Я не плакала. Просто смотрела на него и осознавала — того человека, с которым мы когда-то строили общее будущее, больше не существовало.
Утром я ушла. Чемодан, документы, немного вещей. Сына оставила у мамы. На кухонном столе осталось письмо:
«Я всё знаю. И не хочу слышать объяснений. Не ищи меня.»
Долгое время жила у подруги. Первые недели всё казалось чужим — звуки, запахи, даже утренний свет был каким-то незнакомым. Я училась дышать заново.
Тарас писал каждый день. Потом стал реже напоминать о себе. А вскоре и вовсе замолчал. Через два месяца пришло длинное письмо — по-старинке, от руки, на бумаге. Он просил прощения, уверял, что всё завершил и жить без меня не может.
Я долго держала это письмо в руках. А потом сожгла его.
Тем летом я поехала с сыном в Бучу — просто сменить обстановку и набраться сил. Мы много гуляли, разговаривали обо всём на свете. Я училась быть собой — не чьей-то женой или преданной женщиной, а просто человеком.
Иногда он ещё писал: «Поговори со мной хотя бы». А я думала: «О чём?» Всё уже было сказано раньше. Любовь, однажды растворившаяся в обмане, уже не склеивается обратно — как разбитый чайник невозможно собрать заново.
Однажды сын спросил:
— Мама, ты любишь папу?
Я ответила честно:
— Любила.
Он кивнул и больше к этой теме не возвращался.
Прошёл год. Совершенно случайно я столкнулась с Тарасом в супермаркете. Он выглядел старше и как будто потухший внутри. Улыбнулся неловко:
— Ты хорошо выглядишь.
— Спасибо.
Мы постояли молча несколько минут — как двое из разных эпох жизни друг друга. Потом он развернулся и ушёл прочь. Я вышла на улицу и вдруг ощутила странную лёгкость внутри — словно наконец захлопнула дверь, которую слишком долго боялась закрыть окончательно.

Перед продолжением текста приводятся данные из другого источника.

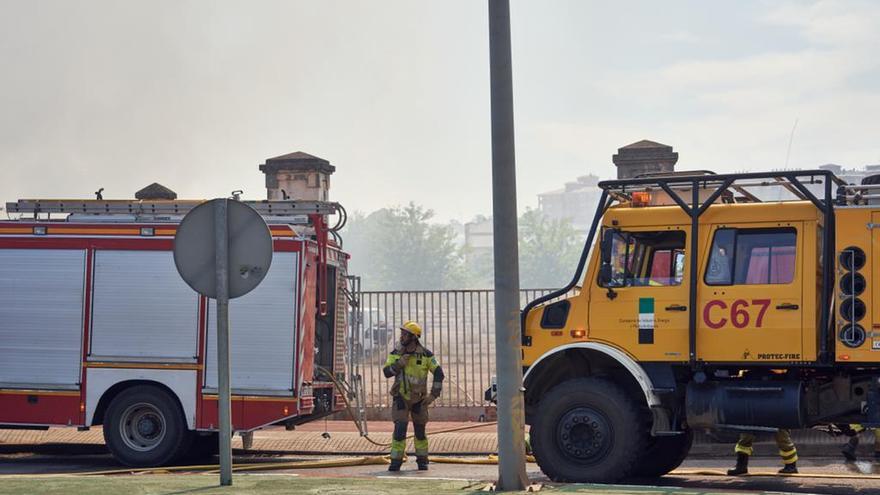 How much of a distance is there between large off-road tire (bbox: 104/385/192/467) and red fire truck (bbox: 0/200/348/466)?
0.04ft

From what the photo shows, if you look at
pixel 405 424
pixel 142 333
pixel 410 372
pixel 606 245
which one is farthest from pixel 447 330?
pixel 606 245

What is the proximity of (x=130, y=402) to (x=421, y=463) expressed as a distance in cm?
353

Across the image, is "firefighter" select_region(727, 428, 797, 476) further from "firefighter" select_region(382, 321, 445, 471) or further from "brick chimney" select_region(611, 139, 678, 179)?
"brick chimney" select_region(611, 139, 678, 179)

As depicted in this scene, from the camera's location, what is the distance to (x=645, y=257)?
13.5 m

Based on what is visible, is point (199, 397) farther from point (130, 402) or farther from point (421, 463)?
point (421, 463)

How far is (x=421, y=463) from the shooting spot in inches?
594

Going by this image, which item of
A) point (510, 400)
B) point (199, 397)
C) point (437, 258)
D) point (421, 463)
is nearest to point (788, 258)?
point (510, 400)

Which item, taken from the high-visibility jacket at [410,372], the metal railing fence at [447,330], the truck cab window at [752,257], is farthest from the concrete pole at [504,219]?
the metal railing fence at [447,330]

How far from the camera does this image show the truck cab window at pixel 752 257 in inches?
508

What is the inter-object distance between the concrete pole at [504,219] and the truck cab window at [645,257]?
277cm

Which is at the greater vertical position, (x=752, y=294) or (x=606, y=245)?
(x=606, y=245)

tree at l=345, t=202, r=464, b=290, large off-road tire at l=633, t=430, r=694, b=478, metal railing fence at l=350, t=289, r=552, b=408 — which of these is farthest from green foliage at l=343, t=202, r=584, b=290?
large off-road tire at l=633, t=430, r=694, b=478

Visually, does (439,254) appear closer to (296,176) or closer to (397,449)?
(296,176)

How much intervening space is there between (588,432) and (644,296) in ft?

Вечером пришло сообщение с незнакомого номера:
«Я всё понял. Прости меня… Я люблю только тебя.»
Я долго смотрела на экран телефона спокойно и без волнения… Затем выключила его — потому что наконец осознала: любовь измеряется не тем, кто кого простил… а тем, кто смог уйти — и больше никогда не оглядываться назад.